A summer in the woods August 28, 2008

Student researcher works with autumn olive

Sophomore Rachel Hesselink spent the summer researching the invasive species autumn olive at Pierce Cedar Creek Institute near Hastings.

"It looks more silvery as the wind blows,” he said. “The silvery side of the leaf flips over in the breeze, and then it shimmers.”

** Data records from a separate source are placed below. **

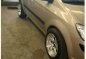 Hyundai Getz 2007 for sale-1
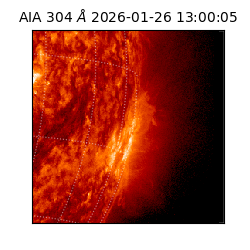 saia - 2026-01-26T13:00:05.130000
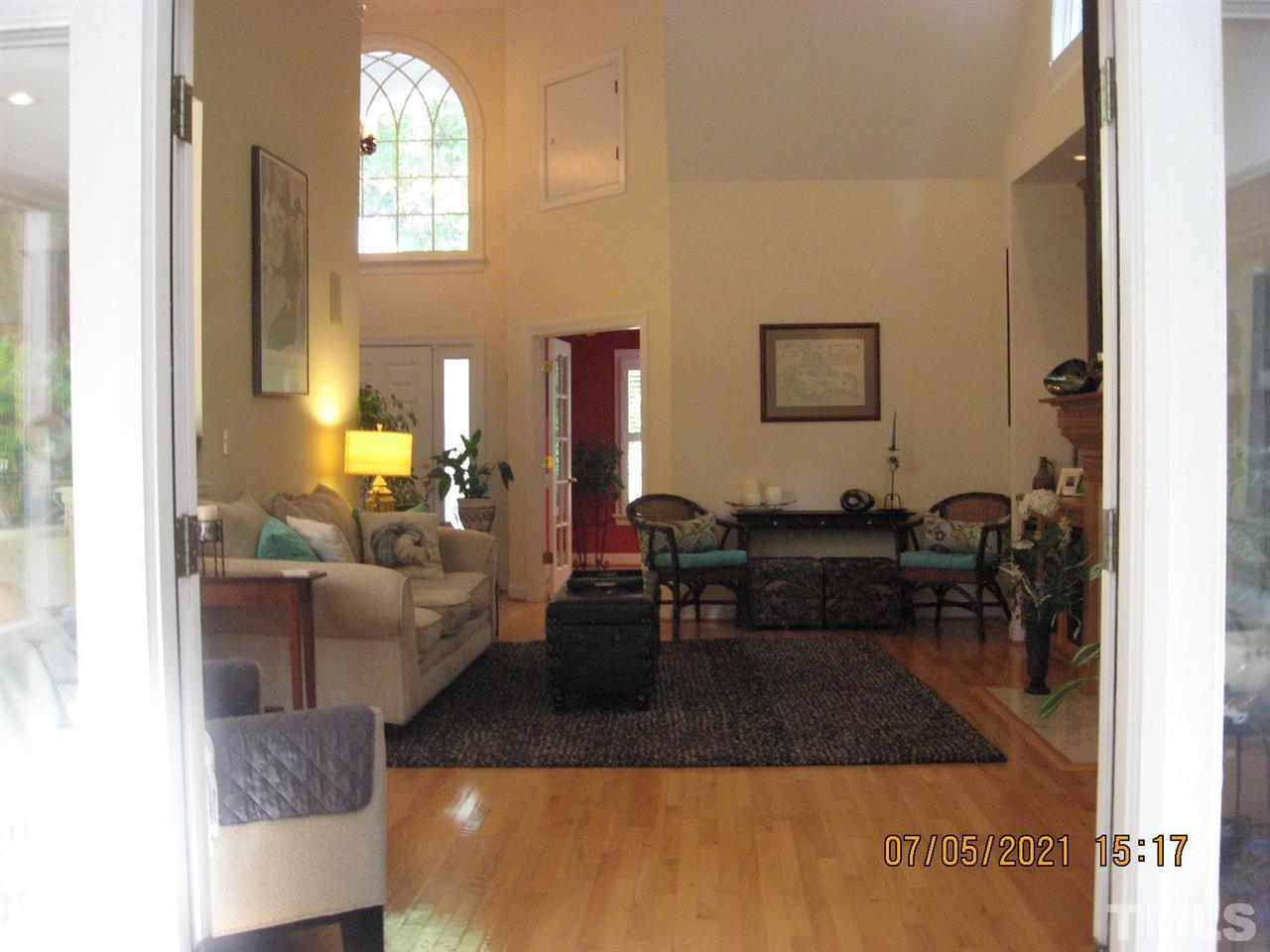 7601 Kelmscot Way Raleigh, NC 27615 - Photo 12 of 30 Gallery Image 12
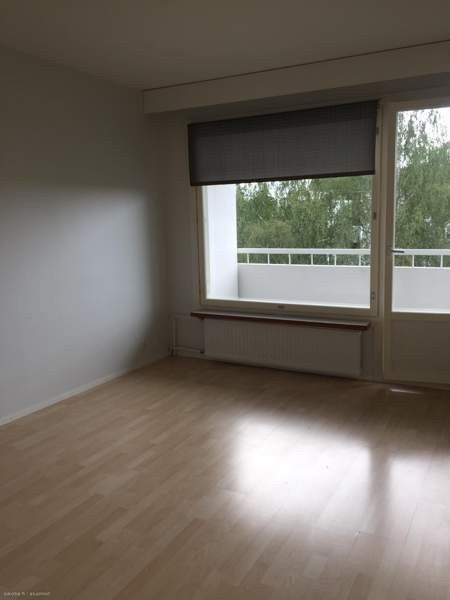 1h + p  Глебычево - изображение 3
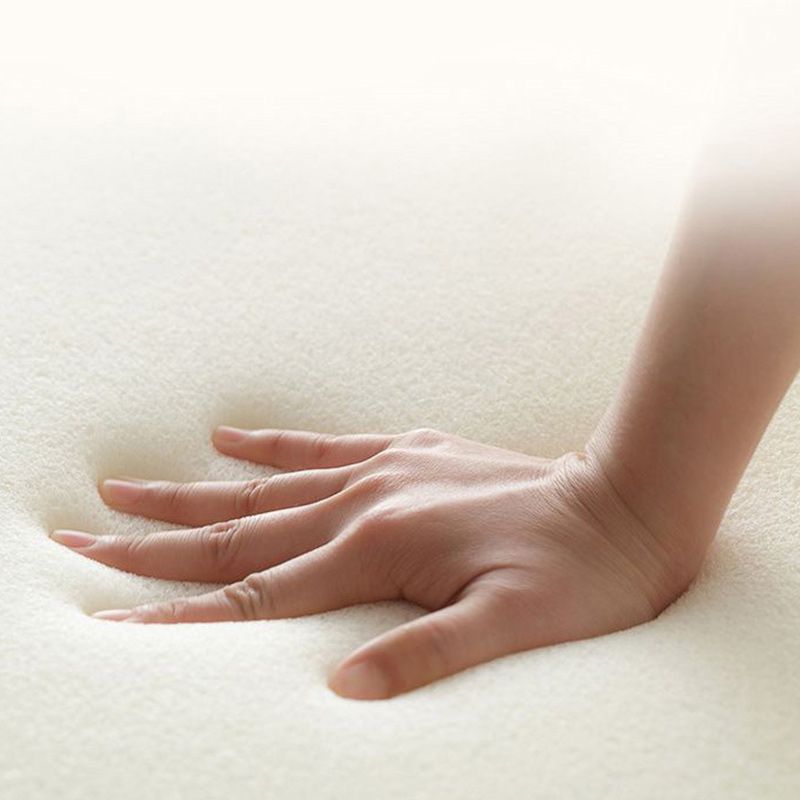 Living Room Pillow Arm Standard Loose Back Gray Contemporary Seating Clearhalo 'furn' 'furn_sofas' 'Furniture' 'furniture_sofas' 'kitchen' 'kitchen_sofas' 'Living Room Furniture' 'Sofa' 'sofas' 1200x1200_cde8d14a-f35a-4922-91f8-59e4296ad89d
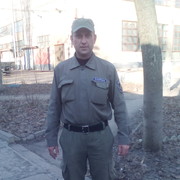 ���������� �������, ���� ������� Andrey, 46 ���, ������������ ��� ������, ����� � ���������, c�������� ���������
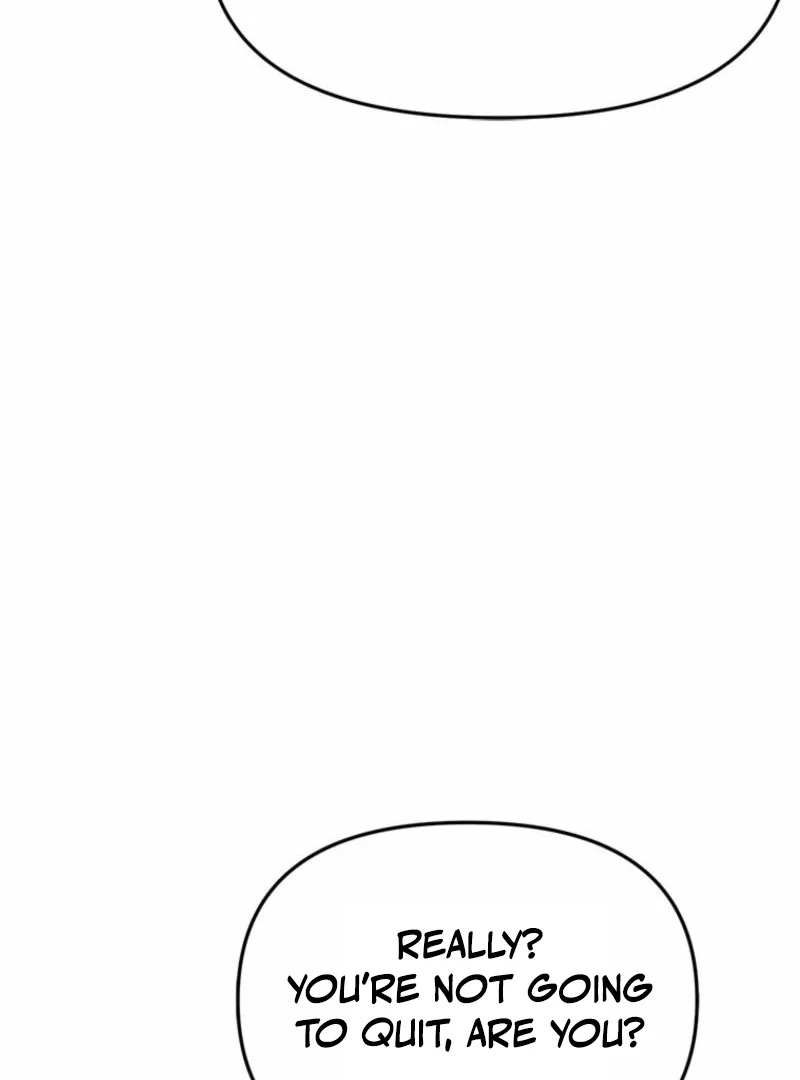 Just Slowly Getting Soaked in the Sweet Rain Chapter 11 - Page 92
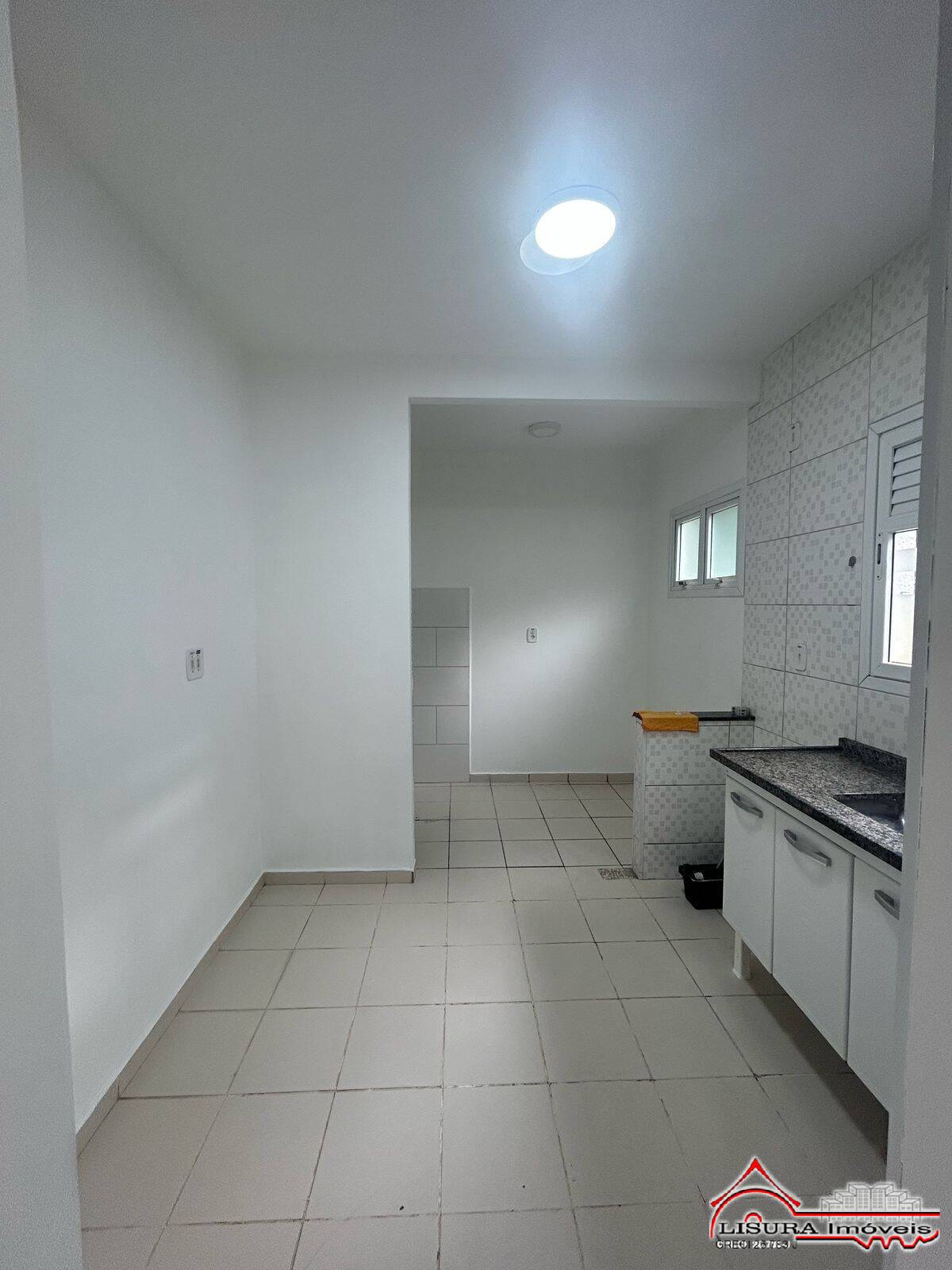 Casa de Condomínio para alugar com 3 quartos - Foto 8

Calvin College professor of biology David Dornbos is giving his aesthetic take on the shrub thriving on both sides of the highway en route to Pierce Cedar Creek Institute, near Hastings. The shrub he is describing is the autumn olive, an invasive species that Dornbos and Calvin sophomore Rachel Hesselink have learned is pretty good at taking over the landscape.

Summer researcher

Hesselink, 20, spent her summer researching the autumn olive at the institute, a natural area of 661 acres of wetlands, forests, marshes, streams, lakes and prairies crisscrossed by seven miles of trails and anchored by a spacious, modern visitor’s center.

The species is thriving at the institute too, and what her research, and that of Dornbos has shown, is that autumn olive—a woody shrub introduced to America from Asia in the 1830s as an ornamental plant—aggressively colonizes both meadows and the forest understory. “This academic project is to figure out why it’s so competitive is these different areas,” said Hesselink. “If we figure that out, we can figure out what areas are risk areas.”

Gobbling CO2

Key to the autumn olive’s aggression is the rate at which it does photosynthesis, the conversion of light energy and carbon dioxide (CO2) into sugar. Dornbos and Hesselink are measuring the rate of photosynthesis of the invasive species versus its woody shrub competitors.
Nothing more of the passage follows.